Brief descriptive captions:

........

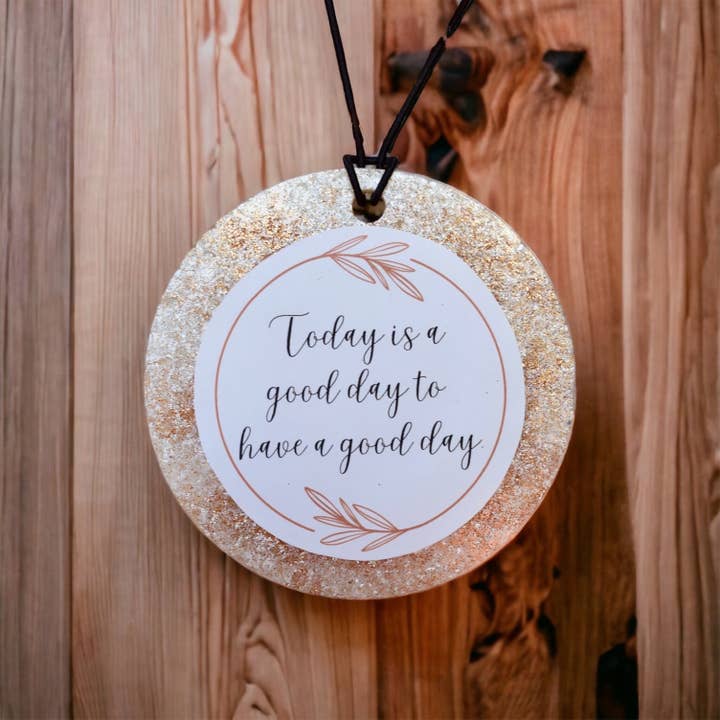 Vanilla Buttercream GOOD DAY Car Freshie for wholesale by Simply Modern Scents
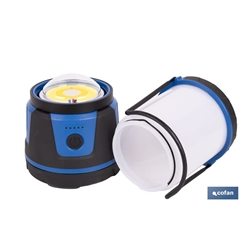 Linterna de camping COB LED 2000 lm recargable con 5 modos de luz - Imagen 2
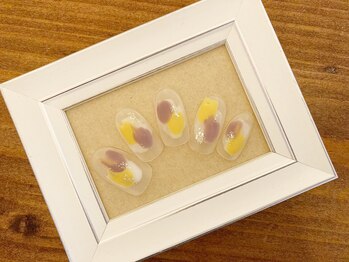 エスネイル(Snail)/マットコートの塗りかけネイル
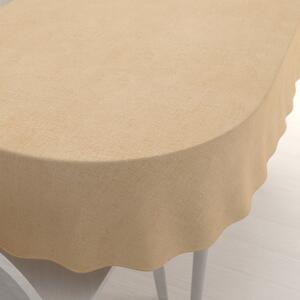 Biante Dekorační oválný ubrus PML-050 Béžově oranžový melír 100x140 cm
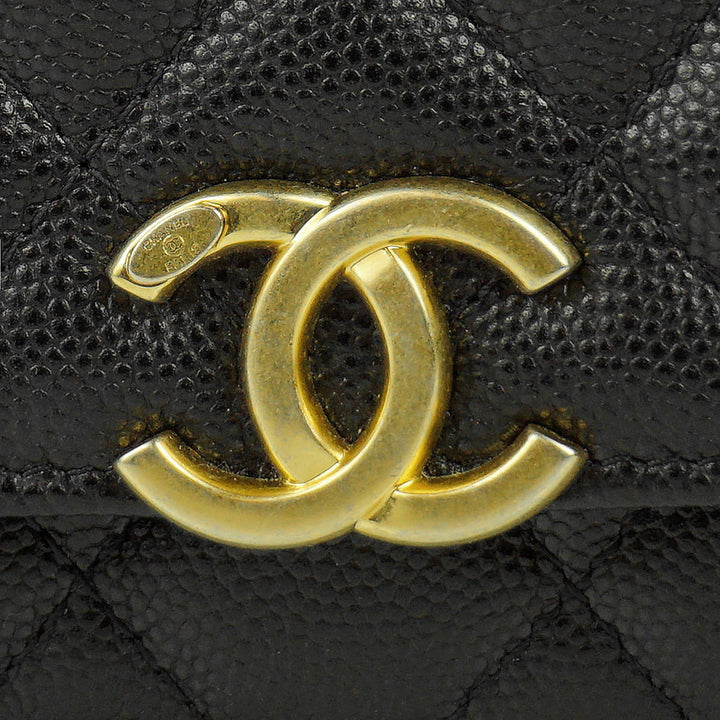 Chanel Black Caviar Mini Bracelet Wallet on Chain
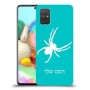 עכביש כיסוי מגן קשיח בעיצוב אישי עם השם שלך ל Samsung Galaxy A71 יחידה אחת סקרין מובייל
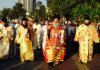 ΦΩΤΟΡΕΠΟΡΤΑΖ: Υποδοχή Ιερού Λειψάνου Οσίου Σεραφείμ Δομβοΐτου στον Πειραιά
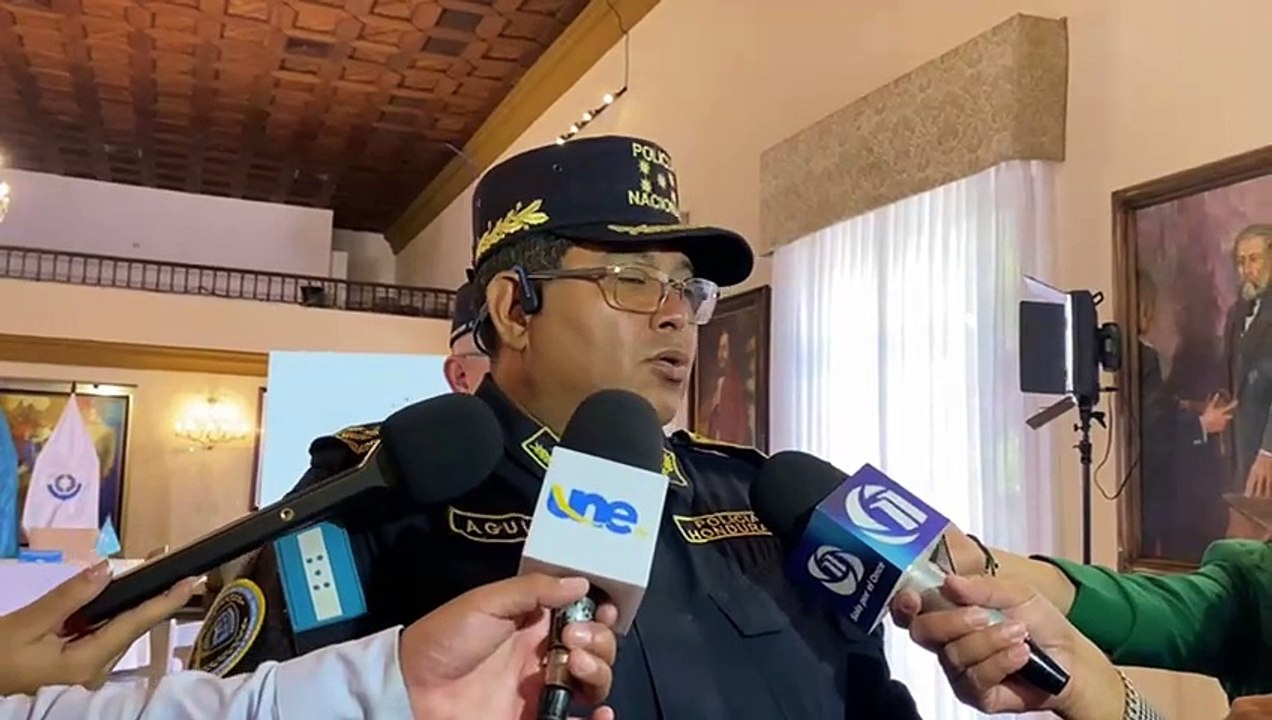 Entrevista Director de la Policía Juan Manuel Aguilar.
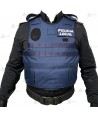 Funda exterior para chalecos antibala de la Policía Local con sistema Molle y bolsillo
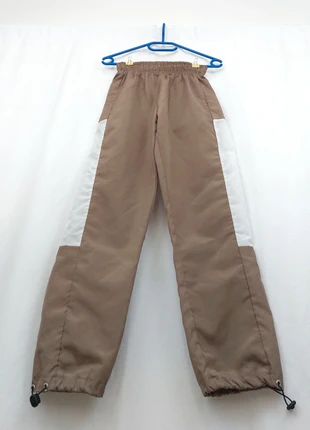 Parachute Nylon Utility Track Pants Y2K Streetwear Gorpcore, marca: Local, estado: Bom, tamanho: S / 36 / 8, €12.00, €13.30 inclui Proteção do Comprador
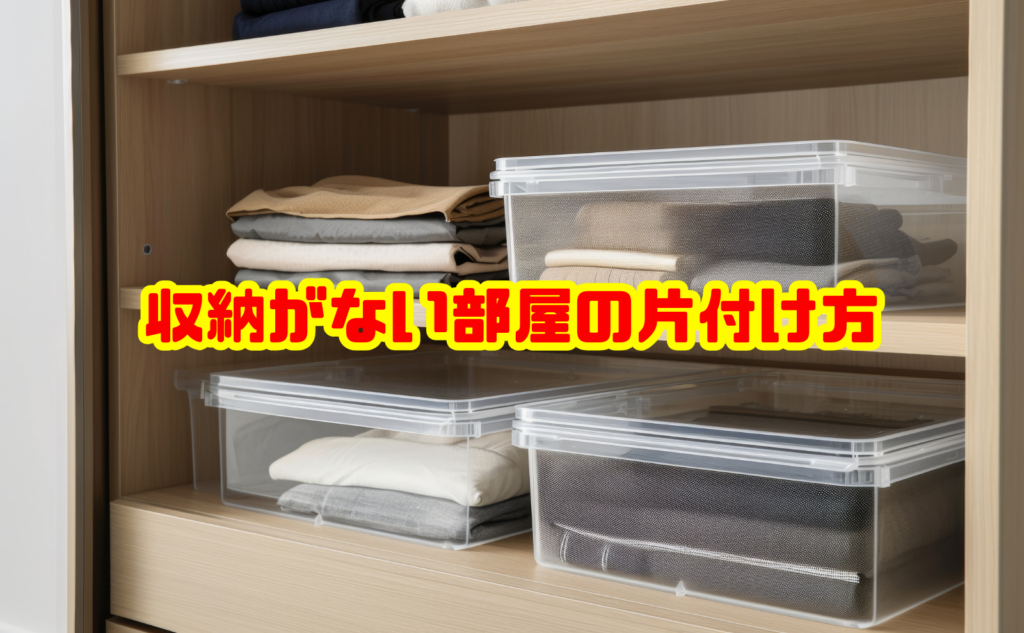 収納がない部屋の片付け方｜狭くてもすっきり暮らす収納術を解説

........

What to work on: Although the records contain pictures, only the text should be copied, exactly as it stands.

Solution to the problem:
 Vanilla Buttercream GOOD DAY Car Freshie for wholesale by Simply Modern Scents
 Linterna de camping COB LED 2000 lm recargable con 5 modos de luz - Imagen 2
 エスネイル(Snail)/マットコートの塗りかけネイル
 Biante Dekorační oválný ubrus PML-050 Béžově oranžový melír 100x140 cm
 Chanel Black Caviar Mini Bracelet Wallet on Chain
 עכביש כיסוי מגן קשיח בעיצוב אישי עם השם שלך ל Samsung Galaxy A71 יחידה אחת סקרין מובייל
 ΦΩΤΟΡΕΠΟΡΤΑΖ: Υποδοχή Ιερού Λειψάνου Οσίου Σεραφείμ Δομβοΐτου στον Πειραιά
 Entrevista Director de la Policía Juan Manuel Aguilar.
 Funda exterior para chalecos antibala de la Policía Local con sistema Molle y bolsillo
 Parachute Nylon Utility Track Pants Y2K Streetwear Gorpcore, marca: Local, estado: Bom, tamanho: S / 36 / 8, €12.00, €13.30 inclui Proteção do Comprador
 収納がない部屋の片付け方｜狭くてもすっきり暮らす収納術を解説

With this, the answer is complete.